When Kanoria and Bakalov return to their seats, master’s student Caroline Angerer (MSE’25) and combined-degree student Lindsay Park (SSE’25, IPD’26), the CMO and CFO of Sentrinox, take their place. Their company’s goal is to develop sensors for underwater robots to assess deepwater infrastructure like oil platforms and internet cables. “I think your 30 months is right on,” says Cassel, assessing the time they project needing to bring the product to market.
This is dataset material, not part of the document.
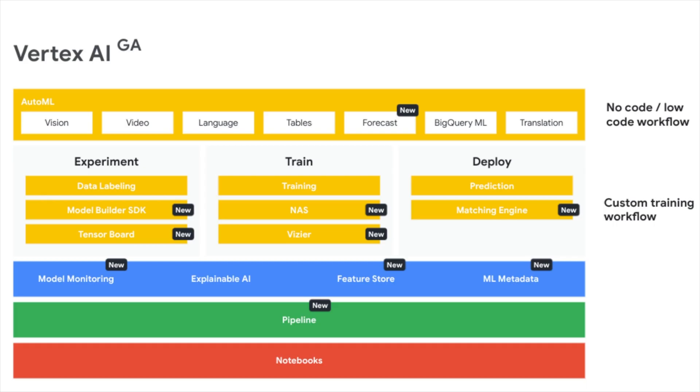Let's quickly look at all these services which come under the umbrella of Vertex AI. Part of the AutoML offering, you can see there's vision, video, language, tables, forecast which is basically new, BigQuery ML, and translation. This is like the no-code slash low-code workflow for someone who is a beginner.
After an hour of presentations — including one from undergraduate Ondrej Gonzor (CIS’25) and the team behind PainSync, a wearable device designed to alleviate Achilles tendinitis — Cassel stands at the board to summarize the day’s takeaways. He emphasizes the need to simplify scientific jargon, a crucial skill for engineers moving from the lab to the market. “You’re asking for millions of dollars,” he says. “Don’t make it too technical — keep it friendly and professional.”
The Startup Surge
In 2023, the U.S. Department of Commerce registered a record-breaking 5.5 million business applications. The global number of “unicorns” — startups privately valued in excess of one billion dollars — has increased by more than 30-fold since the term was coined. In short, there may never have been a more popular time to be an entrepreneur.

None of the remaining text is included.